Sejumlah organisasi perlindungan anak dan perempuan menyinyalir promosi konten tersebut mengarah pada perdagangan orang dengan modus perkawinan anak. Polisi diminta mengusut hal tersebut.
”Tindakan tersebut merupakan pelanggaran terhadap undang-undang yang berlaku di Indonesia dan merupakan sikap melawan negara. Oleh karena itu, dibutuhkan tindakan tegas untuk penegakan hukum oleh pihak yang berwenang dan dibutuhkan desakan publik untuk menghentikan tindakan yang merusak generasi bangsa,” ujar Direktur Institut KAPAL Perempuan Misiyah.
Wakil Ketua Komisi Perlindungan Anak Indonesia (KPAI) Rita Pranawati menegaskan, pihaknya telah meminta kepada kepolisian untuk mengusut hal tersebut karena selain menampilkan gambar-gambar anak, konten tersebut juga menganjurkan perkawinan dalam usia anak, yang jelas tertulis mulai dari usia 12 tahun.
”(Ada) Dugaan terkait pelanggaran tindak pidana perdagangan orang, kami sudah koordinasi dengan kepolisian untuk mengejar pelaku dan koordinasi dengan Kominfo agar menutup situs-situs terkait,” ujar Rita.
Sekretaris Jenderal Koalisi Perempuan Indonesia (KPI) Mike Verawati menyatakan, konten promosi Aisha Wedding Organizer menunjukkan proses tawar-menawar anak perempuan sebagai obyek komoditas jasa perkawinan. Hal ini ditengarahi mengarah pada modus perdagangan orang yang termaktub dalam Undang-Undang No 21 Tahun 2007 tentang Tindak Pidana Perdagangan Orang (TPPO).
”Di mana anak perempuan dipromosikan sedemikian rupa dengan anjuran-anjuran tertentu agar terjadilah praktik dagang, dan dalam kasus ini jelas sekali bahwa jasa wedding organizer ini memperdagangkan anak perempuan untuk memperoleh keuntungan usaha,” kata Mike.
Promosi perkawinan yang dilakukan Aisha Weddings merupakan potensi adanya perdagangan anak dan modus pedofilia dengan dalih menjual jasa perkawinan.
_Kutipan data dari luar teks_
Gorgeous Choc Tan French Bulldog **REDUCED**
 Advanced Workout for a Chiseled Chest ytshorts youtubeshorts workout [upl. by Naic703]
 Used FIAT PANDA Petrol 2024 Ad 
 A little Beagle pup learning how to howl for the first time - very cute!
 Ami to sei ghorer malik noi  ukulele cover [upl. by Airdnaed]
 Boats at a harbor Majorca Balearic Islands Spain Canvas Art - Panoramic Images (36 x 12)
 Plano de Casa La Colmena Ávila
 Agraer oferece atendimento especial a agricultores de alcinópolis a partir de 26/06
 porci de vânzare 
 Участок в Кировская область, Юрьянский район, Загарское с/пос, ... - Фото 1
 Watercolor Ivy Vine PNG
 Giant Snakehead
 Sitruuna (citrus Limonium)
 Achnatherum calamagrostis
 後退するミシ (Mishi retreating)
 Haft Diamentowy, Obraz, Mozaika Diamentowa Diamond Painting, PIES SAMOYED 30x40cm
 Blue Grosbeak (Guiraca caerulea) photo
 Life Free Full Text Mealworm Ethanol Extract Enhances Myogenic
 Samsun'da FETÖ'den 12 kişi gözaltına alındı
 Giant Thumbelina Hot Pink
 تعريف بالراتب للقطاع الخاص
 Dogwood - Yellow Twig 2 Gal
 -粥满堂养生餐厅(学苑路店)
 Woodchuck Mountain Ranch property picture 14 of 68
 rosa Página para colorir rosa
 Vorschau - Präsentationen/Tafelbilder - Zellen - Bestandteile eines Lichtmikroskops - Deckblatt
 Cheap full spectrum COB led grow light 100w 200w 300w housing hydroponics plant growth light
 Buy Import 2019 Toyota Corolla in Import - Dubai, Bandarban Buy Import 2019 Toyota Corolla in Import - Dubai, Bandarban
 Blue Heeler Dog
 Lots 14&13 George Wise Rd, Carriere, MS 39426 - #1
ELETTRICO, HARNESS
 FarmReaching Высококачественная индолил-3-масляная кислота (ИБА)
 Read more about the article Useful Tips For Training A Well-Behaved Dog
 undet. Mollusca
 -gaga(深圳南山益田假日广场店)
Karena itu, aparat penegak hukum diminta segera melakukan penyelidikan agen atau penyalur pamflet Aisha Weddings yang menimbulkan keresahan atas timbulnya modus baru perdagangan anak yang dikemas dalam jasa perkawinan.
Ketua Komnas Perempuan Andy Yentriyani menyatakan, pihaknya mendukung langkah Kementerian PPPA untuk mendorong kepolisian melakukan penyelidikan yang utuh mengenai pelaksana promosi tersebut, sebab mendorong pelanggaran hukum terkait usia minimum pernikahan dan memiliki indikasi perdagangan orang melalui modus perkawinan anak.
”Dari informasi yang dihimpun, jasa yang diajukan juga mendorong perkawinan lebih dari satu tanpa memperhitungkan pengalaman kelam perempuan. Ketiga persoalan tersebut, yakni perkawinan anak, indikasi perdagangan orang, perkawinan poligami, dalam pengamatan Komnas Perempuan menempatkan perempuan dalam risiko tinggi mengalami kekerasan berkelanjutan,” kata Andy.
Sementara itu, penerbit harian Kompas mengeluarkan pernyataan terkait penyisipan brosur di lembaran harian Kompas edisi Selasa, 9 Februari 2021, di wilayah tertentu. Wakil Pemimpin Umum Kompas Budiman Tanuredjo menegaskan penyisipan brosur dilakukan tidak sepengetahuan dan tidak seizin harian Kompas.
”Kami menyesalkan kejadian tersebut dan meminta maaf atas ketidaknyaman yang dialami pembaca setia harian Kompas. Kami sedang menelusuri penyisipan tersebut dan mengupayakan agar kejadian seperti itu tidak terjadi lagi di kemudian hari,” ujar Budiman.